Eles fazem parte do projeto "Viu raia?" no litoral sul paulista, com o objetivo de conscientizar e estimular a conservação das raias marinhas daquela região. A iniciativa conta com parceiros da Unesp (Universidade Estadual Paulista) de São Vicente e de Registro e da Uerj (Universidade do Estado do Rio de Janeiro).

O projeto, que teve início em janeiro, tem duas vertentes principais: a primeira, a da chamada ciência cidadã, traz a população para ajudar nos esforços de preservação dos animais. A partir dos registros feitos por mergulhadores recreativos, os cientistas coletam informações sobre quais são as espécies mais comuns, em qual época do ano ocorrem e com que frequência são avistadas.

"Essa primeira parte envolve não só a coleta dos registros fotográficos, mas um trabalho de formação dos mergulhadores, então é um projeto de ciência cidadã que ajuda a melhorar a capacidade deles próprios de identificarem as raias", explica Motta.

Como os registros fotográficos são divulgados pelos próprios mergulhadores, eles ajudam no monitoramento das raias, contribuindo ainda com dados sobre ocorrência de espécies e sazonalidade.

"Nossa ideia é também ajudar com um guia para que os próprios mergulhadores possam identificar as espécies que eles avistam, com algumas dicas e ensinamentos", explica Chelotti, que é responsável por fazer as entrevistas com os mergulhadores. São cerca de 70 espécies que ocorrem em toda a costa brasileira, das quais 36 podem ser avistadas no litoral paulista.

Já a segunda etapa do projeto, que ainda não está em aplicação, visa um programa de pagamento por serviços ambientais (PSA) para a preservação dos peixes. Pelo projeto em estudo, mergulhadores recreativos (e, futuramente, outros agentes, com o próprio governo) contribuiriam com um valor que seria revertido aos pescadores artesanais que capturam uma raia e soltam o animal.

No Brasil, faltam dados sobre espécies incluídas na lista de ameaçadas de extinção das raias e tubarões, e por isso animais classificados como em perigo podem ser capturados e vendidos como "cação". Assim, se os pescadores forem orientados a soltar as raias vivas cada vez que elas são capturadas, receberiam um pagamento por raia solta, evitando assim prejuízos na sua atividade econômica.

"Sabemos que as raias estão entre os animais mais ameaçados do mundo, com cerca de 36% das espécies com algum grau de extinção. E, no Brasil, essa taxa pode chegar a 30%, embora os dados sejam escassos", lembra Motta.

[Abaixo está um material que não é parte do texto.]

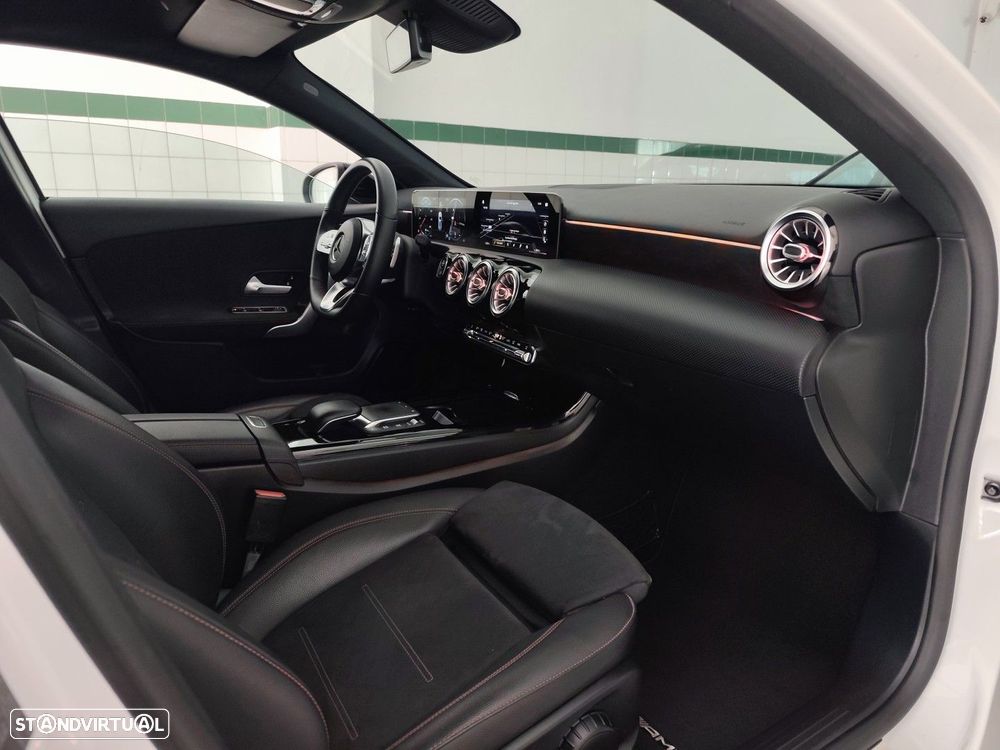 Mercedes-Benz A 180 d AMG Line Aut. - 10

Segundo o pesquisador, a viabilidade do plano de pagamento depende, de um lado, de os mergulhadores estarem dispostos a contribuir e, de outro, de os próprios pescadores terem intenção de participar com a soltura.

Adesivo com QR Code para conhecer mais sobre o projeto Viu Raia? de conservação de raias no litoral de SP
Adesivo com QR Code para conhecer mais sobre o projeto Viu Raia? de conservação de raias no litoral de SP - Divulgação/Viu Raia

"É importante para nós usarmos novas ferramentas para falar de conservação. Porque, hoje em dia, quando se fala em preservar espécies o foco é na biodiversidade, mas não podemos ignorar os desafios sociais daquelas pessoas que, muitas vezes precisam da prática pesqueira para garantir a própria seguridade alimentar deles e da família", ressalta.

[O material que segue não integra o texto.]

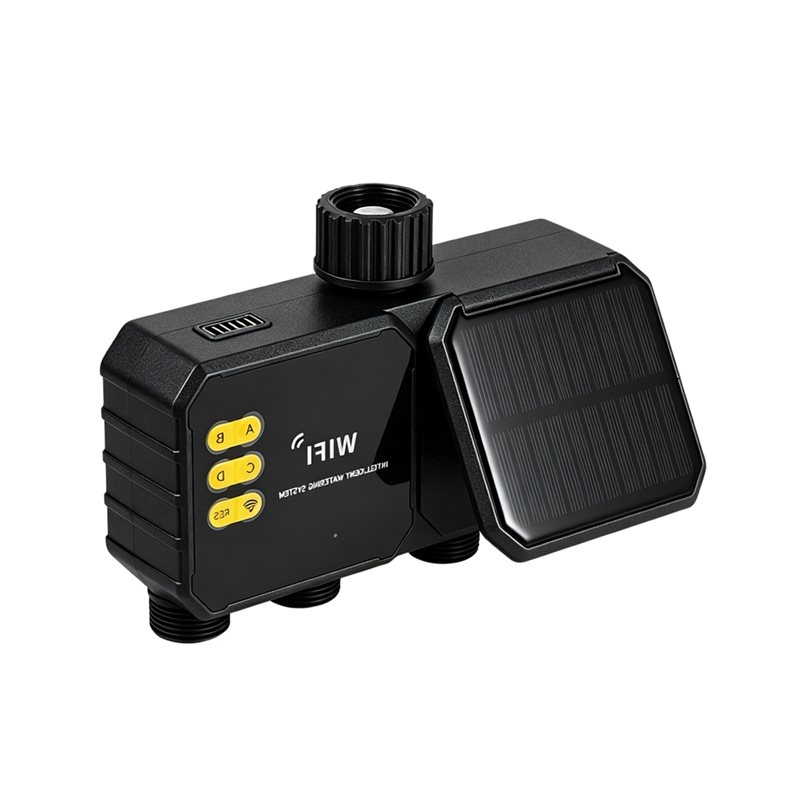 HGHO Wifi Sprinkler Timer Smar - Smart Garden Uk 评论和价格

Um exemplo de programa de pagamento por serviços ambientais em andamento é o de retirada de lixo dos mares em áreas de preservação ambiental por pescadores. Chamado de "Mar sem lixo", o projeto tem como parceiros principais o Instituto de Pesca, o Instituto Oceanográfico da USP, a Cetesb (Companhia Ambiental do Estado de São Paulo) e as prefeituras municipais de Cananeia, Itanhaém, Ubatuba, Bertioga, Caraguatatuba, Guarujá e São Sebastião. A cada lixo retirado os pescadores recebem uma remuneração.

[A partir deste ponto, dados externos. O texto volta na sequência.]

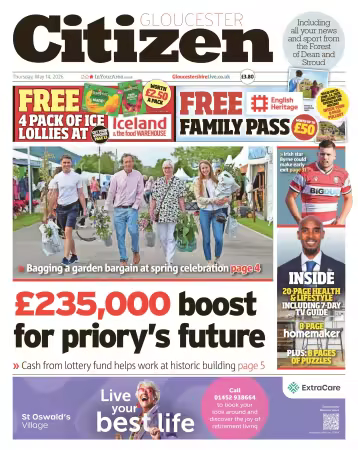 Gloucester Citizen - 14 May 2026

No caso do projeto "Viu raia?", o retorno para a sociedade seria, a longo prazo, aumentar as populações de raias, promovendo mais avistamentos pelos próprios mergulhadores e, quem sabe, tornar a região da Baixada Santista um polo de atração turística para mergulhadores amadores interessados em ver os animais.

O projeto tem apoio institucional do Instituto Linha d’Água, uma ONG fundada em 2013 em São Paulo e que atua em iniciativas voltadas à conservação da biodiversidade social e marinha das regiões costeiras do norte do Paraná até o sul do Rio de Janeiro.